FS#34358 - [linux] 3.8.x -3.9.x System Hangs Without Any message at Boot

Attached to Project: Arch Linux
Opened by Sudhir Khanger (donniezazen) - Monday, 18 March 2013, 16:33 GMT
Last edited by Tobias Powalowski (tpowa) - Tuesday, 06 August 2013, 13:45 GMT
Task Type Bug Report
Category Kernel
Status Closed
Assigned To Tobias Powalowski (tpowa)
Thomas Bächler (brain0)
Architecture All
Severity Medium
Priority Normal
Reported Version
Due in Version Undecided
Due Date Undecided
Percent Complete 100%
Votes 14
Private No

Details

Description: I did a clean installation of ArchLinux on Thinkpad T420i using EFISTUB/rEFInd. System hangs as soon as it tries to load kernel. The issue exist on both linux-3.7.10-1 and linux-3.8.3-2 on my system. When I try to boot fallback it takes me back to rEFInd screen and if I then click stock kernel it boots fine. I have to try to boot fallback a few times for this to work. I have followed beginners guide very closely and seems to have followed instructions properly.


Additional info:
* package version(s)
linux-3.7.10-1
linux-3.8.3-2

* config and/or log files etc.
Please let me know what log files do I need to provide.

* forum discussion
https://bbs.archlinux.org/viewtopic.php?id=156670

Steps to reproduce:
Just try to boot stock kernels.

Thanks.
This task depends upon

Closed by  Tobias Powalowski (tpowa)
Tuesday, 06 August 2013, 13:45 GMT
Reason for closing:  No response
Comment by Artem A Klevtsov (unikum) - Monday, 18 March 2013, 19:28 GMT Comment by cfr (cfr42) - Wednesday, 20 March 2013, 23:08 GMT
I have the same issue except that I get the same hang with the fallback image - it does not take me back to the rEFInd screen. I can boot using grub from the rEFInd screen but I cannot boot the kernel using either image successfully.

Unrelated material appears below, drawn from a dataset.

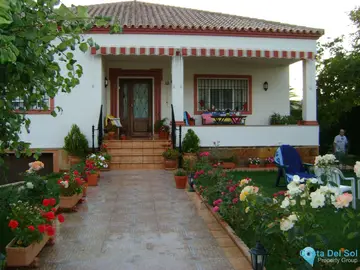 3 bedroom House for Sale in Cuevas del Becerro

I did not have the issue with linux-3.7.10-1. I first see the issue with linux-3.8.3-2.
Comment by Rod Smith (srs5694) - Thursday, 21 March 2013, 19:28 GMT
According to users in https://bbs.archlinux.org/viewtopic.php?pid=1247353#p1247353 (see posts 119-123, perhaps others), using a version of rEFInd compiled with GNU-EFI works around the problem. (Arch's rEFInd, and the official upstream rEFInd, are compiled with TianoCore EDK II.) Using the version 1 EFI shell also works for some users whereas the version 2 EFI shell fails. Some users say that gummiboot, which is built with GNU-EFI, fails, so it's not quite as simple as GNU-EFI being good and TianoCore being bad, but there does seem to be a correlation in at least some cases.
Comment by Vasya Pupkin (shahid) - Friday, 22 March 2013, 21:30 GMT
I have 99% same problem as described, but:
- I have NO rEFInd. Just plain old toshiba laptop.
- I've NOT tested on 3.7.10. i've updated 3.7.4 -> 3.8.4 right now and see the issue.
- Issue in NOT reproduceable on 3.7.4 and 3.6.10 kernels with mkinitcpio 0.13.0-1.
- Issue IS reproduceable on 3.8.4-ARCH kernel.

"fallback"-initrd does NOT helps.
Rollback rootfs (via lvm snapshot) does NOT helps.
Downgrade kernel and initramfs -- helps 100%.
earlyprintk loglevel=7 shows nothing related.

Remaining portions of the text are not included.